As well, the chemical companies did not offer or promote the use of stain removal chemicals, probably because there was no market for them.

But things have changed with the advent of retail detailing. We have a customer who wants their vehicle “clean” and that includes the removal of coffee stains, red juice stains, pet stains, rust, etc. Unfortunately few detailers have the skill, chemicals, tools nor the knowledge to really tackle this job as a professional.

The purpose of this article will be to provide some of the answers to successful stain removal.

What are spots and stains?
A knowledgeable detailer must first know the difference between a spot and a stain because one is easier to remove than the other. The dictionary defines a spot as something marred or marked by a foreign substance.
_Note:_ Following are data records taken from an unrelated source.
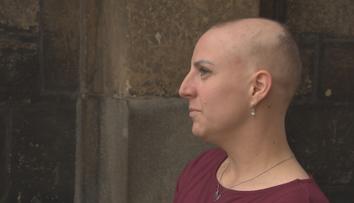 Lidí s alopecií přibývá. Na léčbu pojišťovny moc nepřispívají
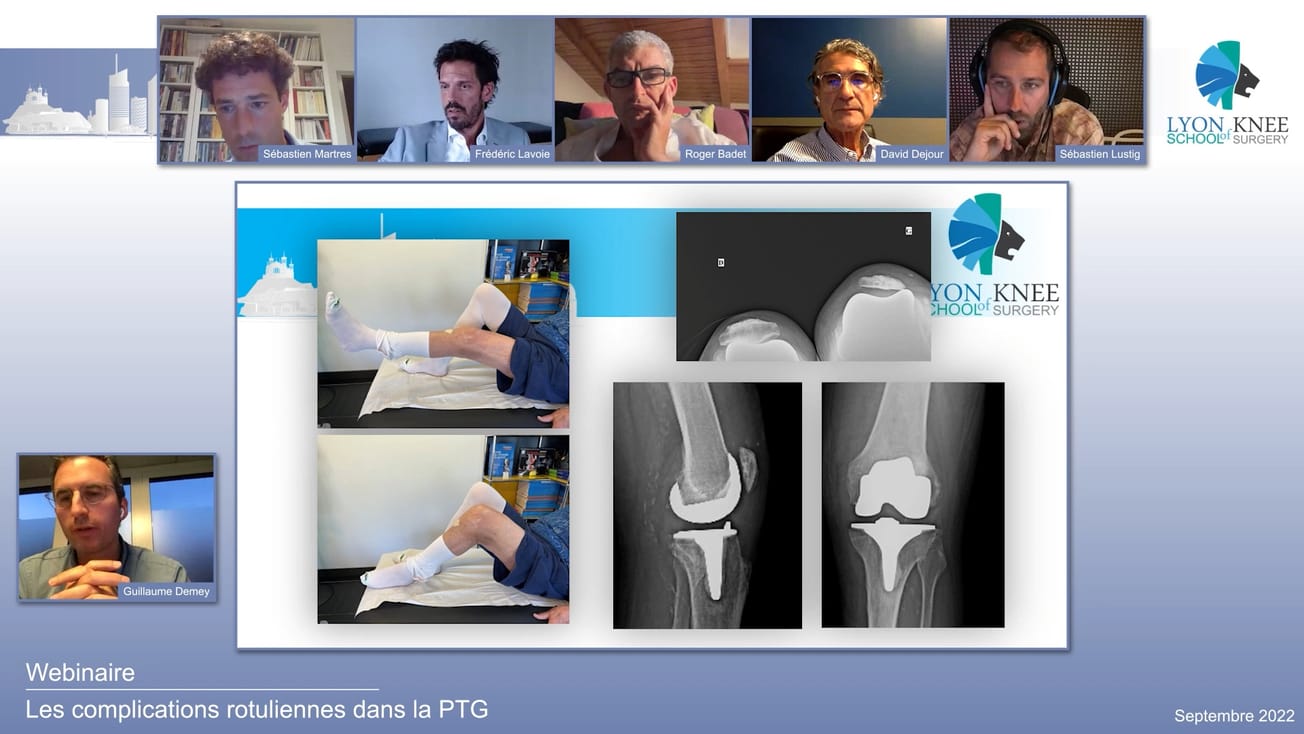 La patella #5 - Les complications rotuliennes dans la PTG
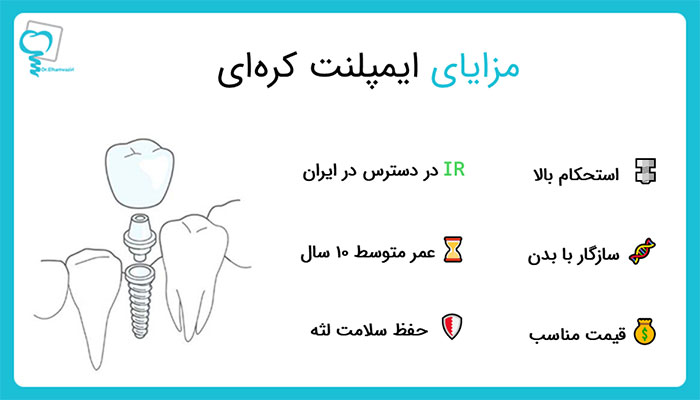 مزایای ایمپلنت کره‌ای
A spot sits on a fiber’s surface and is easily removed with the proper tools and chemicals. A detailer’s standard application of shampoo and friction scrubbing should remove most spots.

Stains, the dictionary states, are any coloring that chemically affects the material. In other words, the staining agent bonds with or enters the fiber. This is where you need special knowledge and chemicals to break that bond. Red juice stains, for example. So, stain removal is a challenging task if the detailer is not knowledgeable and does not have or use the proper chemicals, tools and procedures.

Keep in mind that stains are actually discolorations in the material and are rarely removed without some risk involved. You need to keep that risk in mind when asked to remove difficult stains in a vehicle.

As mentioned, most detailers, let alone customers, don’t know the difference between a spot and a stain, so they expect the detailer to remove all spots and stains with equal success. The detailer must be able to evaluate the interior and explain the differences in stains and spots and advise the customer of the risks should they have to use aggressive methods and chemicals to attempt to remove certain stains.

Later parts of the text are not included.